[Collected data]
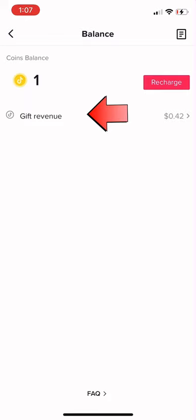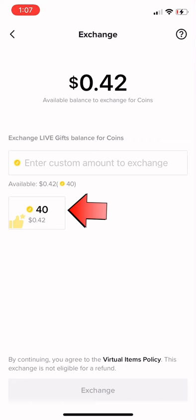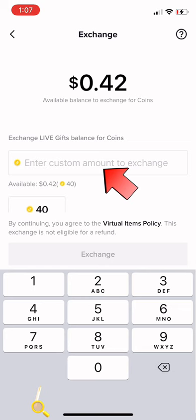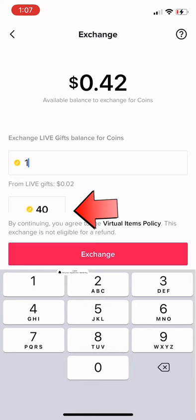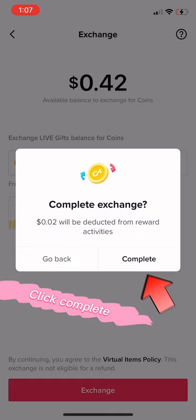Click on the gift revenue option. If you want to convert all the coins you can enter the amount of coins that you want. You can also convert all the coins if you want to. Click complete.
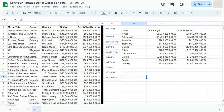In today's video, I'm going to show you how to edit your formula bar here in Google Sheets.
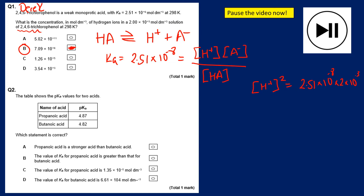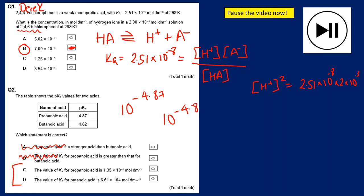Exam question two involves comparing pKa values. A higher pKa means a lower Ka and a weaker acid, so butanoic acid with the lower pKa has the higher Ka and is the stronger acid. Propanoic acid being stronger is not true. To verify which statement about Ka values is correct, calculate 10^(−4.87) and 10^(−4.82) — and C is the correct answer.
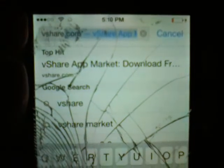First, you need to go to Safari and look up vShare — vshare.com — like this. Let me get it focused: vshare.com. Press go.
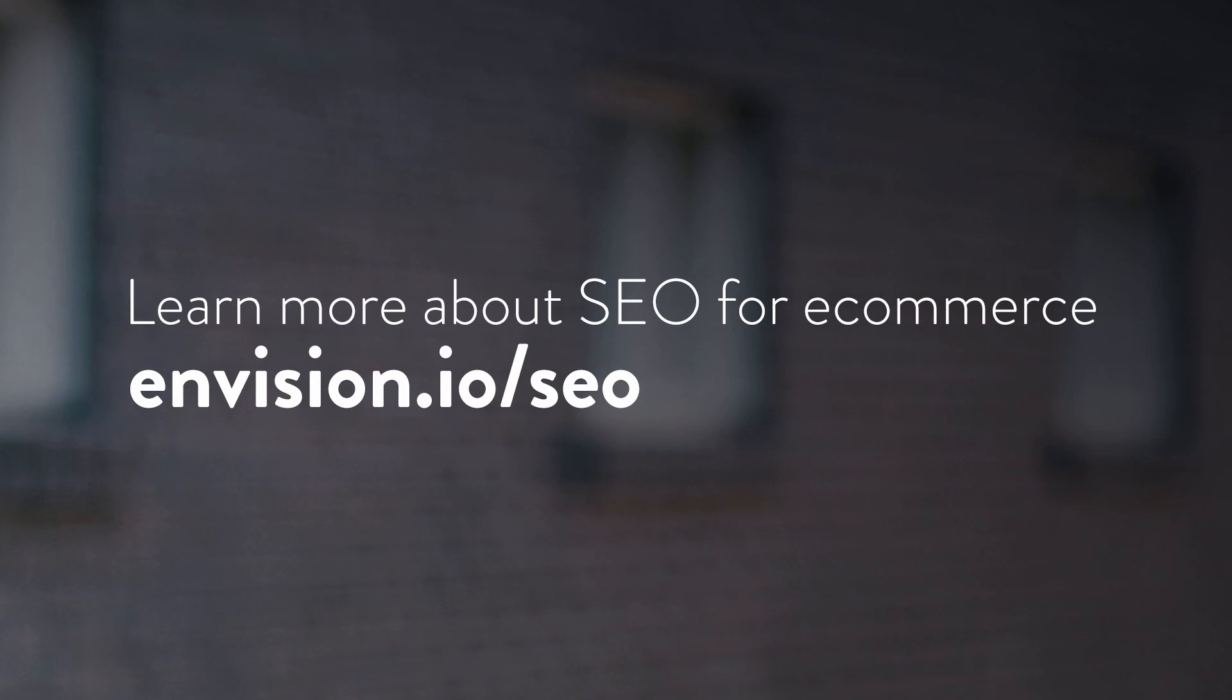All right, this has been my tutorial on how to do keyword research. For my complete tutorial on how to do SEO for your e-commerce store, go to envision.io forward slash SEO. The full tutorial on my blog will show you exactly how to optimize your Shopify store using the keywords that we found during this research process. Plus, I'll show you how to get backlinks to your store, which is another key element in doing SEO. Again, to see the full tutorial, go to envision.io forward slash SEO. Bye.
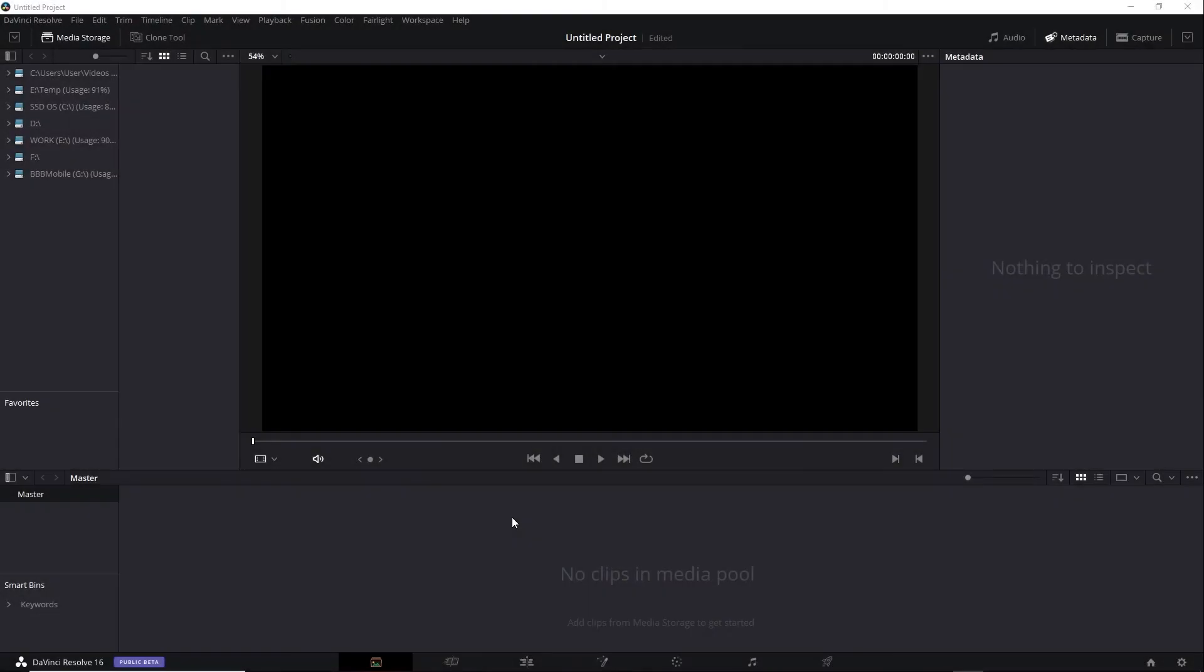You're not limited to RCM when grading HDR inside Resolve. You can also use ACES, which stands for Academy Color Encoding System. Let's give that a try.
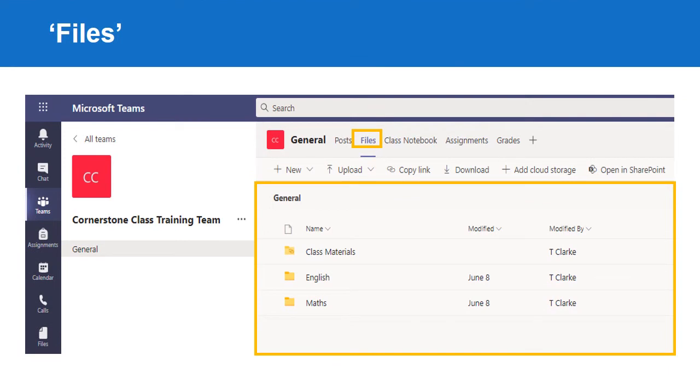In Files, you can create a range of new folders to file all your class documents in, whether they be Word, PowerPoint, Excel or OneNote notebooks. The Class Materials folder is read-only, so learners cannot edit the documents.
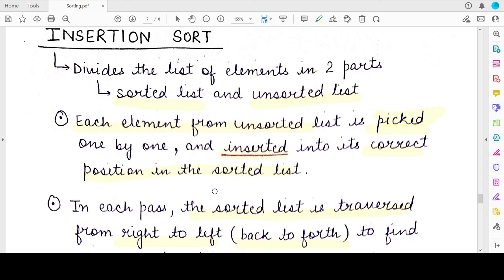That was the theory portion of insertion sort along with an example. In the next video I'll explain the algorithm and the implementation of insertion sort in Python. If this video helped you, please let us know in the comment section, like this video, share it, and also let us know if you want to study any particular subject or topic from computer science. Thank you for watching — till we meet in the next video, mind your exam.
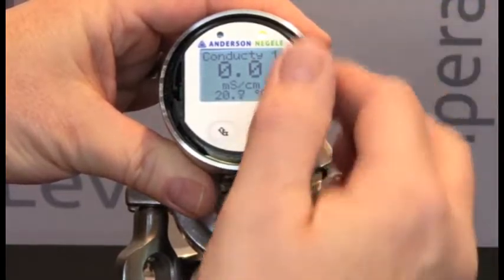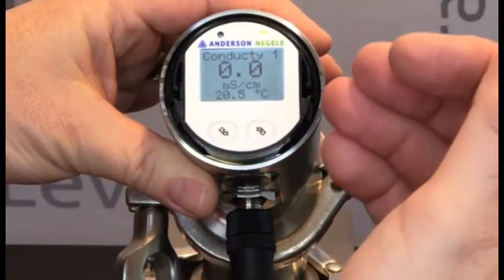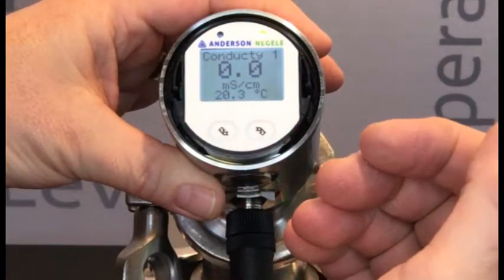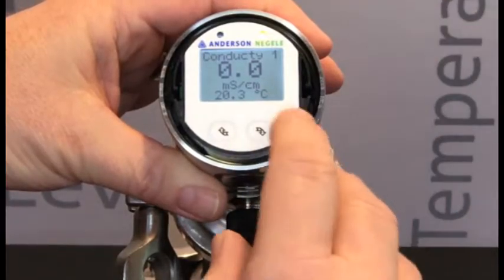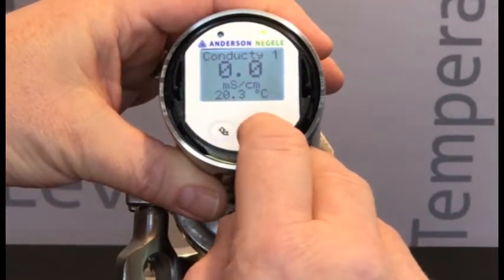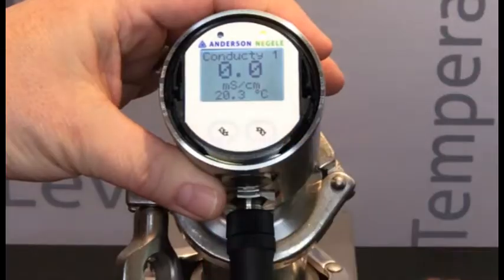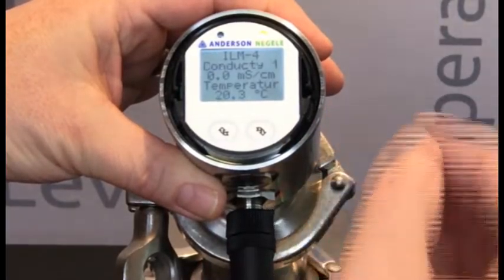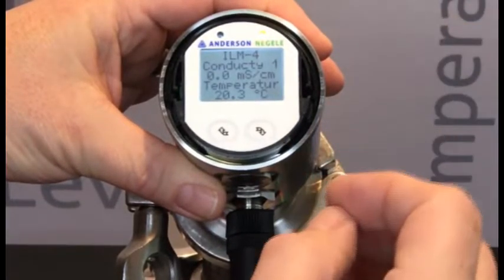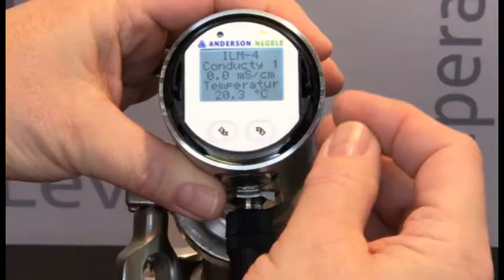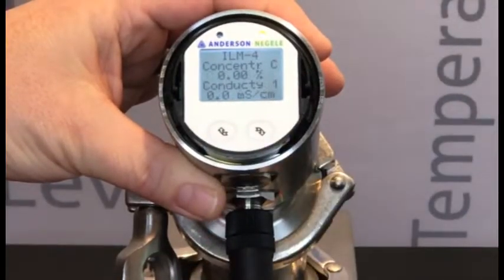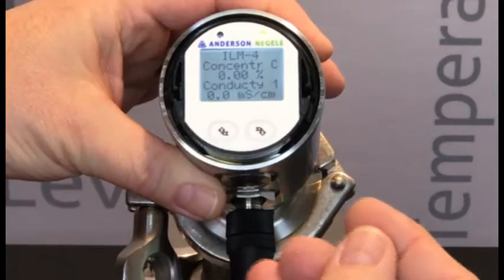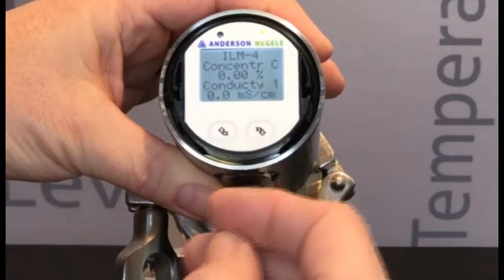We can now access multiple process variables that are internally calculated within the device but may not be assigned to analog outputs. To do that, we're going to give short presses of the right-hand button. My first press will give me that primary conductivity measurement — conductivity 1.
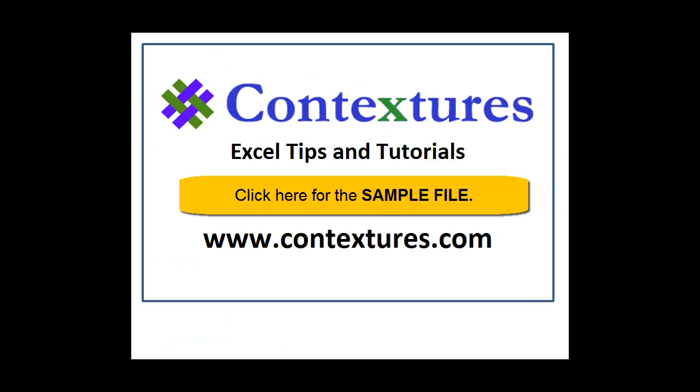For more Excel tips and tutorials and to download the sample file for this video, please visit my Contextures website at www.contextures.com.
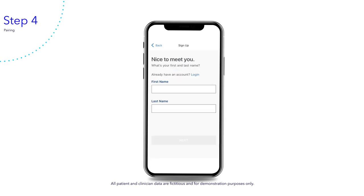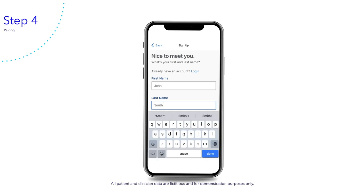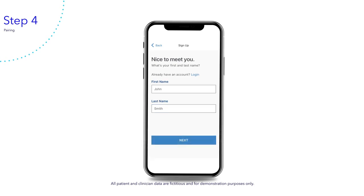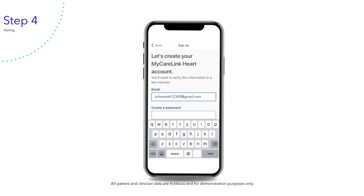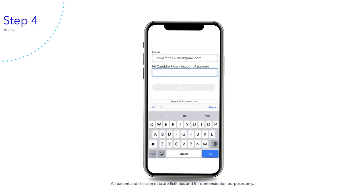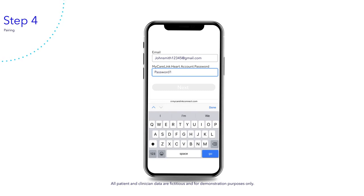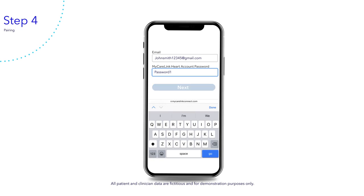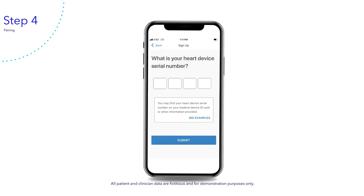It's time to set up your account. Enter your first and last name, then tap next. Enter an email that you or your caregiver can access — please write this email down, as you will need it to complete this process. Then create a password. Please write this password down exactly as you typed it, including any capitalized letters. Now tap next. Enter your heart device serial number found on your medical device ID card, then tap submit.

WHAT YOU HAVE TO DO: Without the pictures, write out the lines from the beginning of the entries through the line with "Exam question two".

RESPONSE BELOW:
Click on the gift revenue option. If you want to convert all the coins you can enter the amount of coins that you want. You can also convert all the coins if you want to. Click complete.
In today's video, I'm going to show you how to edit your formula bar here in Google Sheets.
Exam question two involves comparing pKa values. A higher pKa means a lower Ka and a weaker acid, so butanoic acid with the lower pKa has the higher Ka and is the stronger acid. Propanoic acid being stronger is not true. To verify which statement about Ka values is correct, calculate 10^(−4.87) and 10^(−4.82) — and C is the correct answer.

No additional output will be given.